Third, the brain stores "invariant representations" of things seen, heard, felt, etc. "Invariant" in this context means unaffected by differences in light or tone or inflection or background or any one of millions of small, inessential differences that could throw us off. These representations are not exact. They are in a way like Plato's ideal forms except they are not ideal but generalized. They are memories of the relationships between and among various features. In the case of a human face, Hawkins writes that what makes a face recognizable "are its relative dimensions, relative colors, and relative proportions, not how it appeared one instant last Tuesday at lunch." (p. 81)
Hawkins's definition of intelligence in terms of predictive ability is what I found most exciting in the book. When people talk about intelligence I usually want to demand "intelligence for what?" since the criteria for defining intelligence has always been so muddied. One of the ways of establishing a theory in science is through its ability to make accurate predictions. To judge the brain the same way seems strikingly right. Not only that but no longer do we have to beg the question of what intelligence is. It is the ability to predict.
These predictions are about everything in our lives and they involve all of our senses. As Hawkins puts it, "All regions of your neocortex are simultaneously trying to predict what their next experience will be. Visual areas make predictions about edges, shapes, objects, locations, and motions. Auditory areas make predictions about tones, direction to source, and patterns of sound. Somatosensory areas make predictions about touch, texture, contour, and temperature." (pp. 88-89)
While the first five chapters are eminently readable and exciting, Chapter 6, "How the Cortex Works" (the longest in the book) might be a bit tedious and technical for the general reader. (I know it was for me.)
In Chapter 7, "Consciousness and Creativity" Hawkins writes, "Most of what you perceive is not coming through your senses; it is generated by your internal memory model." (p. 202) We do not experience the world directly and we do not interpret it objectively.

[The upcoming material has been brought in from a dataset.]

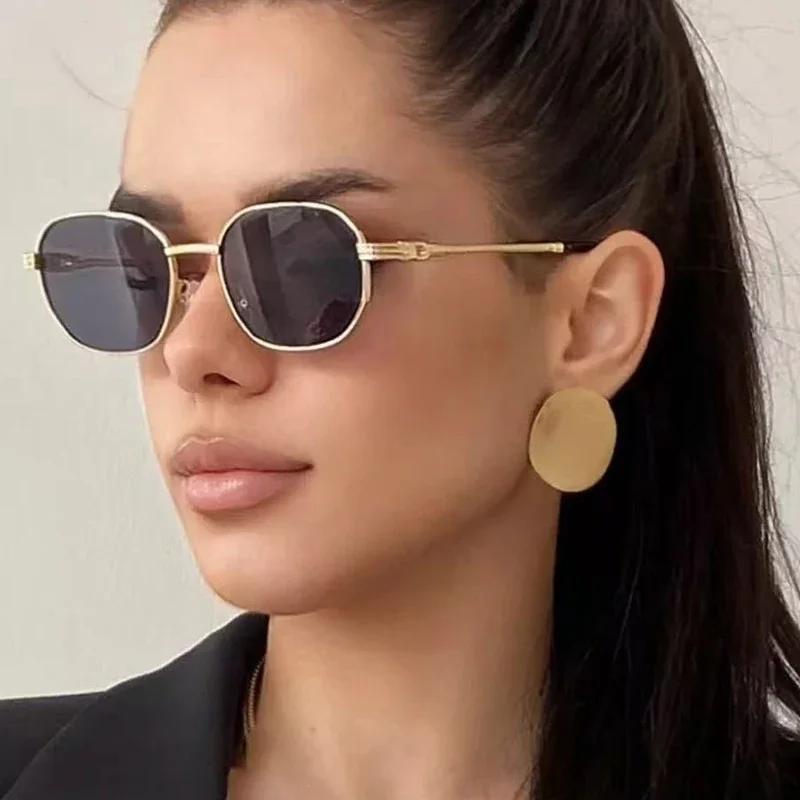 Nuevas gafas de sol Retro con montura cuadrada pequeña para hombres y mujeres, gafas de sol de Metal a la moda, gafas de sol de moda 012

Our predictions in a sense are prejudices or stereotypes that sometimes lead us astray. Hawkins writes, "...you could substitute the word 'stereotype' for 'invariant memory'...without substantially altering the meaning. Prediction by analogy is pretty much the same as judgment by stereotype." (p. 203)

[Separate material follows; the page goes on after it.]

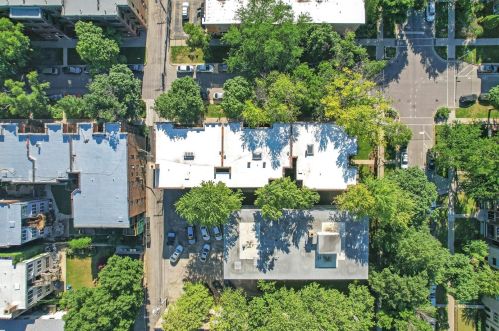 6831 Greenview Ave, Chicago IL 60626-4293 exterior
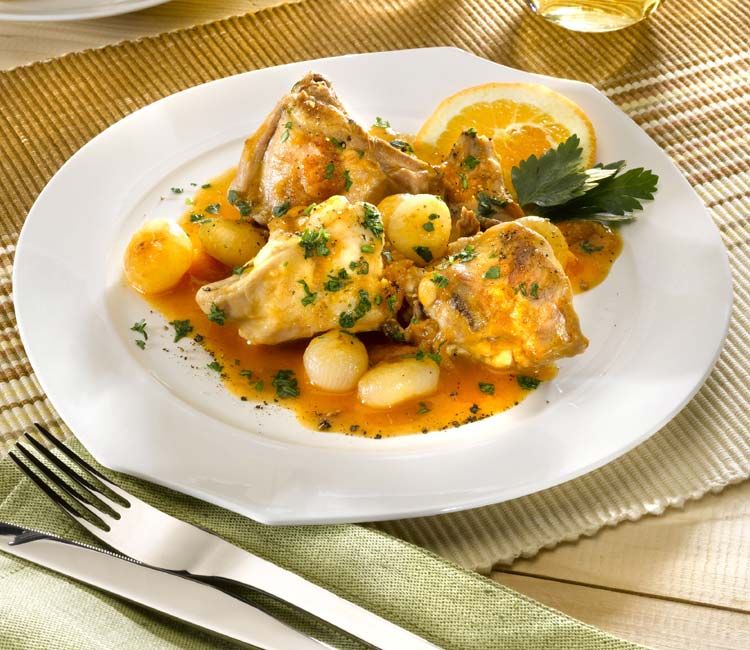 Chuletas de conejo en salsa de naranja con patatitas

In the final chapter, "The Future of Intelligence" Hawkins makes it clear that intelligent machines will not be taking over the world. He writes, "The computer in your home, or the Internet, has as much chance of spontaneously turning sentient as does a cash register." (p. 214) Furthermore, an intelligent machine "will not have a mind that is remotely humanlike unless we imbue it with humanlike emotional systems and humanlike experiences. That would be extremely difficult and, it seems to me, quite pointless." (p. 208). Finally, fears that machines will take over the world "rest on a false analogy...a conflation of intelligence...with the emotional drives of the old brain--things like fear, paranoia, and desire. But intelligent machines will not have these faculties. They will not have personal ambition. They will not desire wealth, social recognition, or sensual gratification. They will not have appetites, addictions, or mood disorders." (p. 216)
Hawkins goes on to predict that, with an approach based on learning and memory instead of brute calculation, we will build truly intelligent machines, the applications of which will be numerous and include applications impossible to predict.
I would like to point out that Hawkins' idea that our cortex is continually making predictions about the environment, predictions that we scarcely notice unless they are wrong, is similar to an idea that John McCrone presented in his book Going Inside: A Tour Round a Single Moment of Consciousness (2001), a book I also highly recommend.